(STUDY MATERIAL)

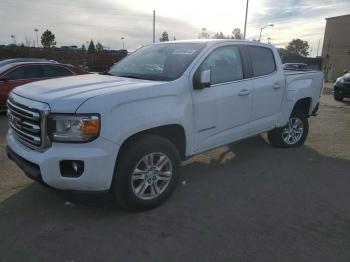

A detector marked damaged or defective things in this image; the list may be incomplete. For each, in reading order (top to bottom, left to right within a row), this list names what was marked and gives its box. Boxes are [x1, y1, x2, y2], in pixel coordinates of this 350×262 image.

cracked asphalt [0, 89, 350, 260]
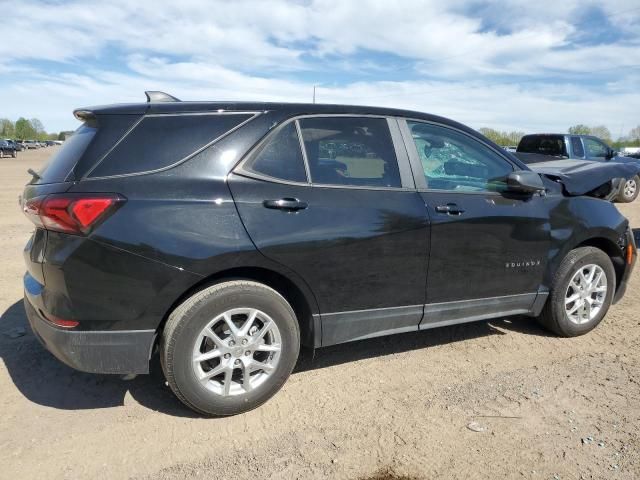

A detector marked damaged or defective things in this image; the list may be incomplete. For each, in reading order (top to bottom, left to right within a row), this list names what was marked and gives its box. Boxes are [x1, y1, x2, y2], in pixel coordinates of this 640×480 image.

damaged front end [528, 159, 640, 201]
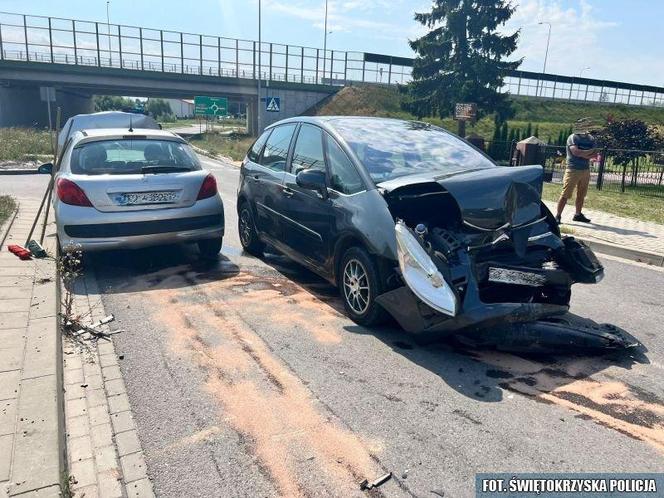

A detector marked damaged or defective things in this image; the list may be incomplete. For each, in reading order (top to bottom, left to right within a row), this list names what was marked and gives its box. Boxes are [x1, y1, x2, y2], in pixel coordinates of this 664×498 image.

broken headlight [394, 221, 456, 316]
severely damaged citroen [239, 116, 640, 350]
crumpled hood [378, 166, 544, 231]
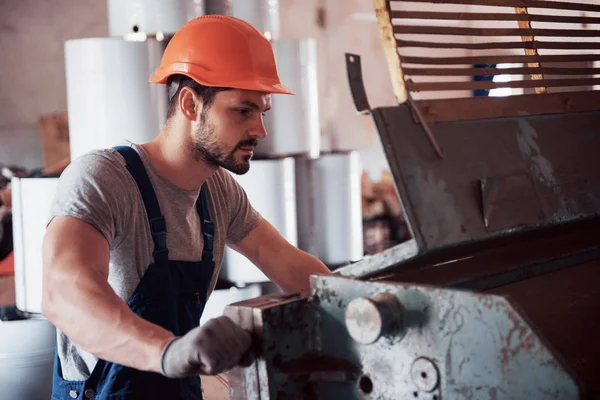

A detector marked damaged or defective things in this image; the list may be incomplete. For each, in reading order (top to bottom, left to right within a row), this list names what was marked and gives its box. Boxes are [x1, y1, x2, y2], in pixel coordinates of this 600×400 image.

rusty metal surface [226, 276, 580, 398]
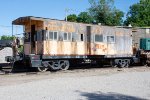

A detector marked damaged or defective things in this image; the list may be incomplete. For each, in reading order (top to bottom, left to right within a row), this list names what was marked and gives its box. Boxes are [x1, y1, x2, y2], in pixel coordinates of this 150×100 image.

rusty caboose [10, 16, 132, 71]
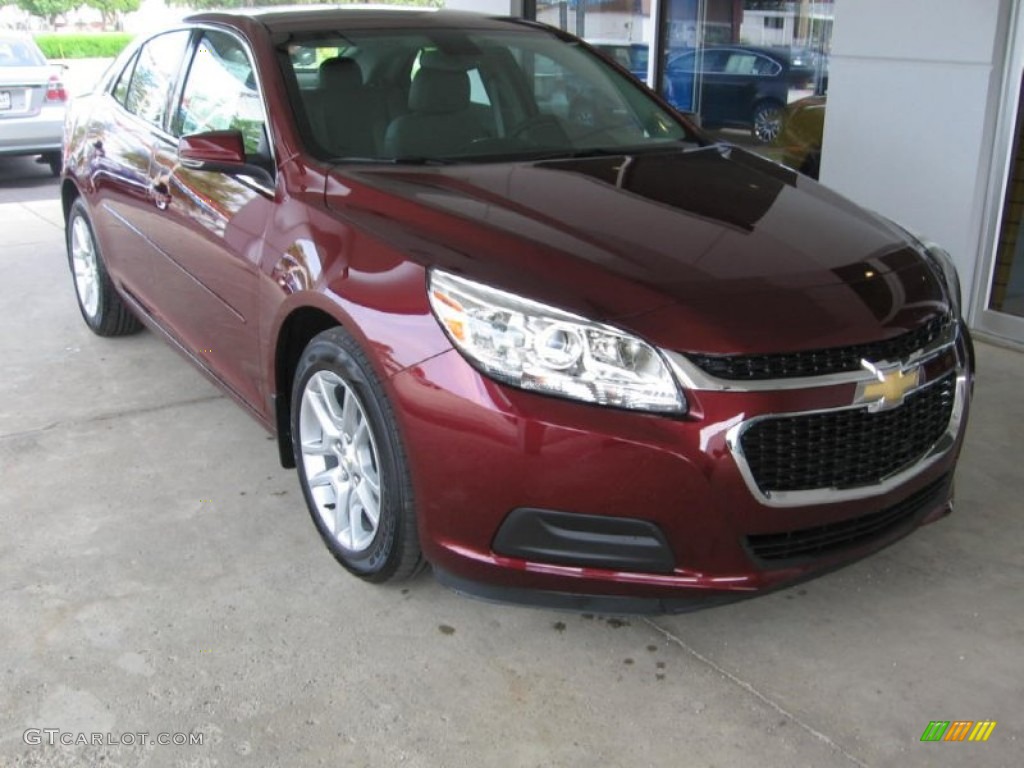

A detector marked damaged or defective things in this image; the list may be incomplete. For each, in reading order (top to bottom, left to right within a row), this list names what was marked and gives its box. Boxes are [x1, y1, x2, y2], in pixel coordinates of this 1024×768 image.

pavement crack [0, 393, 226, 442]
pavement crack [643, 618, 868, 768]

(End STUDY MATERIAL)

**WHAT THE EXERCISE ASKS:** Please restate word for word the lines of the material above, beginning with the one that holds "this 1024×768 image." and ending with the last.

**SOLUTION TO THIS PROBLEM:**
A detector marked damaged or defective things in this image; the list may be incomplete. For each, in reading order (top to bottom, left to right within a row), this list names what was marked and gives its box. Boxes are [x1, y1, x2, y2], in pixel coordinates of this 1024×768 image.

pavement crack [0, 393, 226, 442]
pavement crack [643, 618, 868, 768]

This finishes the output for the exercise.